Pensamento da Semana: Mas isto ainda dura?

Não sou grande xpert nisto dos treinos das equipas de futebol, mas considero-me uma pessoa atenta ao que se vai passando numa partida de futebol.

Depois de ter visto a goleada que o Futebol Clube do Porto impôs ao Gil Vicente em Barcelos, pergunto-me como é que a equipa Azul e Branca ainda não perdeu os péssimos tiques defensivos que trouxe da Época anterior.
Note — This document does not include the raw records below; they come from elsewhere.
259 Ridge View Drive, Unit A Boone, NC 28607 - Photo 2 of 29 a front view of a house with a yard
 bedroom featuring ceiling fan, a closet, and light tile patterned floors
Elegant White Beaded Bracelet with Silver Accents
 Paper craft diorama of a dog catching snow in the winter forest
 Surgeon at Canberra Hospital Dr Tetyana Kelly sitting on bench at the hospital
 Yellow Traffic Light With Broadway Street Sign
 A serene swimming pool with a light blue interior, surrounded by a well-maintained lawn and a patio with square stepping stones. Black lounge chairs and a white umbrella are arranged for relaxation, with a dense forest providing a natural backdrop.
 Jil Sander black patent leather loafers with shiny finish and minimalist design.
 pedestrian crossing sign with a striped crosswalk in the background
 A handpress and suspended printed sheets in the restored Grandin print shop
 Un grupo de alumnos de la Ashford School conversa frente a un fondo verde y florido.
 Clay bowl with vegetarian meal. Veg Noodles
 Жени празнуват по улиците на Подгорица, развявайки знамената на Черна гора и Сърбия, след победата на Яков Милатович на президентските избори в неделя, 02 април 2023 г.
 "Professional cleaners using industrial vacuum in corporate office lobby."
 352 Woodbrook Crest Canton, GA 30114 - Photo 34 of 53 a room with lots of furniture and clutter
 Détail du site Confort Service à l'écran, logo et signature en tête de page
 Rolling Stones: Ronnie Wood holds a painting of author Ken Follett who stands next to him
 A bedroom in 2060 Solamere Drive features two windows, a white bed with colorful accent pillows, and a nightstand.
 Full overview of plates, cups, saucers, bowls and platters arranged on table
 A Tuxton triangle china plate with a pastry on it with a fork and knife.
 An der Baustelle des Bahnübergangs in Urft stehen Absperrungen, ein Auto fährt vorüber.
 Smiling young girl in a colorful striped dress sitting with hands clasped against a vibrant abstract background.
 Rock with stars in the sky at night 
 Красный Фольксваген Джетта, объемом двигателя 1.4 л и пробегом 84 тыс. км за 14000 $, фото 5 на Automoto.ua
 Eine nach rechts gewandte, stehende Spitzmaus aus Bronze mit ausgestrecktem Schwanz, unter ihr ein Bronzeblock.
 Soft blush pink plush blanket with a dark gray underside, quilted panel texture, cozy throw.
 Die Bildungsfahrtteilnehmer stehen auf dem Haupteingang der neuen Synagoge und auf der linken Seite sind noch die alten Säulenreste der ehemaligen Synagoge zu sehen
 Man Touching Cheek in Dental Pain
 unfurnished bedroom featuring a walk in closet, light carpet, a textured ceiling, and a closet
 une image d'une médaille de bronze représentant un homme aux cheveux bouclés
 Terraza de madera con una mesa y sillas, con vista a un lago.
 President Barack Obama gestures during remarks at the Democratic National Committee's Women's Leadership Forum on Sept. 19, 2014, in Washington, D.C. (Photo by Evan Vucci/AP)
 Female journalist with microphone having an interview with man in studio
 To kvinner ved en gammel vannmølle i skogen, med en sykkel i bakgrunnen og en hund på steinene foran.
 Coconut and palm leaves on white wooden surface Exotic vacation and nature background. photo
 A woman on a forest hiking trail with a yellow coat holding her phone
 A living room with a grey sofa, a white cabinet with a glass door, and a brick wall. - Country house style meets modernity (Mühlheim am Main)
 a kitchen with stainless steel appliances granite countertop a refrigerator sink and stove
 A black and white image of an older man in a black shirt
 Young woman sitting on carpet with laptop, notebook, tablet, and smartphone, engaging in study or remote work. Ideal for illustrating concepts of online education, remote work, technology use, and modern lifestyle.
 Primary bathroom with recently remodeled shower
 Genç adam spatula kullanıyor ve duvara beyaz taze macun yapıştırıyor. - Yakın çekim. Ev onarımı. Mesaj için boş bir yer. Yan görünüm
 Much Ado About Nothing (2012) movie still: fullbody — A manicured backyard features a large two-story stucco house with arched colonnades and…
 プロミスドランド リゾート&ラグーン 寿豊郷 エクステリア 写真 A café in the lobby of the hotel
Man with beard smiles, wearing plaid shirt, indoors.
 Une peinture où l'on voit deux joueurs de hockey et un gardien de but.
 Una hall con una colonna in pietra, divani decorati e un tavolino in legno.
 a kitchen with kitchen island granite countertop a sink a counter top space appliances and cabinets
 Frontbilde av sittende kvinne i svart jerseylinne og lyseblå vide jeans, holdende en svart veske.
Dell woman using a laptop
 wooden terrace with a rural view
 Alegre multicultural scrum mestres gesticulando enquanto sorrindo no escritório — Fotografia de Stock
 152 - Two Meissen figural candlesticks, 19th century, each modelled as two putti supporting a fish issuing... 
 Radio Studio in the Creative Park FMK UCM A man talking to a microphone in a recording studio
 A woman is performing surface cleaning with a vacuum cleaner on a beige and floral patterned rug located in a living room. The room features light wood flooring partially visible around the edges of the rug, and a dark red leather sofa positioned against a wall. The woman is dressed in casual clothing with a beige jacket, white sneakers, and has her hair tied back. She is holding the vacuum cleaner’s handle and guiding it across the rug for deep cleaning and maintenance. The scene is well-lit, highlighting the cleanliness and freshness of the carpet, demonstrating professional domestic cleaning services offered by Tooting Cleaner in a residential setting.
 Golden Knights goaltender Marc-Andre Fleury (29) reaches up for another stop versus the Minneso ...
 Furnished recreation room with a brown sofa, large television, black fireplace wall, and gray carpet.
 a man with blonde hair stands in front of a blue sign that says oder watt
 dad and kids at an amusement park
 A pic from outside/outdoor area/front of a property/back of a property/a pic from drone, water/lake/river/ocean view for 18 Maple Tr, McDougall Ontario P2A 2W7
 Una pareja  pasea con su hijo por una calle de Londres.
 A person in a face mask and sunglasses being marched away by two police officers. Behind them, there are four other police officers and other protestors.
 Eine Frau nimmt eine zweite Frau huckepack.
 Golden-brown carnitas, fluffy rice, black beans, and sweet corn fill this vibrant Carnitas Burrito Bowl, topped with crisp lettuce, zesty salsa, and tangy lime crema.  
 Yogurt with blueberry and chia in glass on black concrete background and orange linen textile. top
Os disparates infantis da linha defensiva Portista eram um dos pontos mais críticos do Porto de Fonseca. Fonseca saiu do Dragão e sucedeu-lhe Lopetegui mas os disparates a nível defensivo permanecem.

Que anda esta gente a fazer nos treinos? A brincar aos Jogadores de futebol?

Já vamos em Janeiro de 2015. Exige-se, portanto, a uma equipa como o FC Porto que tenha todo o seu jogo mais do que consolidado em todos os aspectos. Já houve mais do que tempo para que uma certa juventude do Plantel tenha desaparecido, assim como já houve mais do que tempo para se ter colocado um ponto final nos disparates defensivos. Mas, estranhamente, ou não, os disparates mantêm-se e o Treinador já é outro.

Tem valido ao FC Porto o São Maicon/Fabiano, a “aselhice” dos Atletas adversários e a Deusa da Fortuna… Mas como é que foi possível no jogo de Barcelos um Jogador conseguir cabecear uma bola dentro da pequena área Azul e Branca? Como é possível ainda haver na equipa Portista quem faça “ofertas” aos avançados da equipa adversária?

Espero sinceramente que isto melhore.

E já agora, em vez de andar a oferecer gravatas Julen que se preocupe em colocar algum brio profissional nos seus comandados porque está mais do que visto que os gajos não estão para a aí virados…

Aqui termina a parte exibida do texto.